Monday, March 26, 2012

Resetting / deleting all the users in aspnet_* tables

Hi,

How can i reset to zero, deleting all the users who are in the aspnet_* tables in my production 2003 server?

Thanks

It has been a while since I did it, so I can't remember if deleting a user cascades and deletes all related records in other tables. In any event, you can do individual truncates on each of the tables:

TRUNCATE TABLE aspnet_Members;

|||

Assuming you don't have any other tables in the database that have foreign key constraints to the aspnet_* tables, you could simply rerun the T-SQL scripts that create those tables (since those scripts first drop the tables, if they exist). You can find the T-SQL files in %WINDOWS%\Microsoft.NET\Framework\v2.0.50727 or you can execute them using the aspnet_regsql.exe command line tool.

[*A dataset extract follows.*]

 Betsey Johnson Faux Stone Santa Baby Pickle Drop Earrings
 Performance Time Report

UPDATE: To provide more clarity... the T-SQL scripts in that folder are named like Install*.sql. InstallMembership.sql, for example, contains the scripts for the membership-related tables; InstallRoles.sql for the roles. InstallCommon.sql has them all.

|||

Sweeperq:

It has been a while since I did it, so I can't remember if deleting a user cascades and deletes all related records in other tables. In any event, you can do individual truncates on each of the tables:

TRUNCATE TABLE aspnet_Members;

The only difficulty with this approach is since the aspnet_* tables have a number of foreign key constraints among themselves, if there is data in the tables you have to truncate (drop) the tables in the correct order, otherwise you will get foreign key constraint errors and the truncate will fail.

|||

So TRUNCATE does not trigger cascading deletes?

|||

The stored procedure aspnet_users_deleteuser takes care of the relationships and constraints - it's what the Membership.DeleteUser method itself calls. You can call it manually. Here's anarticle on deleting users from membership using the stored procedure.

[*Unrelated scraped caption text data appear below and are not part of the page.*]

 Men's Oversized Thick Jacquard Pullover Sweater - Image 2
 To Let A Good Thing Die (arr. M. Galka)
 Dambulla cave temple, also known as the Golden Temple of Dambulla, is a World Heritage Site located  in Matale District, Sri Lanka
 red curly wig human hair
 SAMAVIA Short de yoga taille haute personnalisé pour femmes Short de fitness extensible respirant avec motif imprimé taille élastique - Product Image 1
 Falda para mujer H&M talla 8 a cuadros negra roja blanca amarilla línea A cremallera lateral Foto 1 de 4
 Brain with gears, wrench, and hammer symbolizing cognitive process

But this deletes one user at a time. You want to delete all users? You can use SQL to cursor through the aspnet_users table, calling the stored procedure each time.

Otherwise, you need to truncate in the correct order which would be this: aspnet_usersinroles, aspnet_profile, aspnet_personalizationperuser, aspnet_membership, aspnet_users.

|||

Sweeperq:

So TRUNCATE does not trigger cascading deletes?

It does, if I'm not mistaken. Problem is, the foreign key constraints on the aspnet_* tables do not cascade deletes. So you have to manually delete the "child" tables first before you can delete the data from the parent table.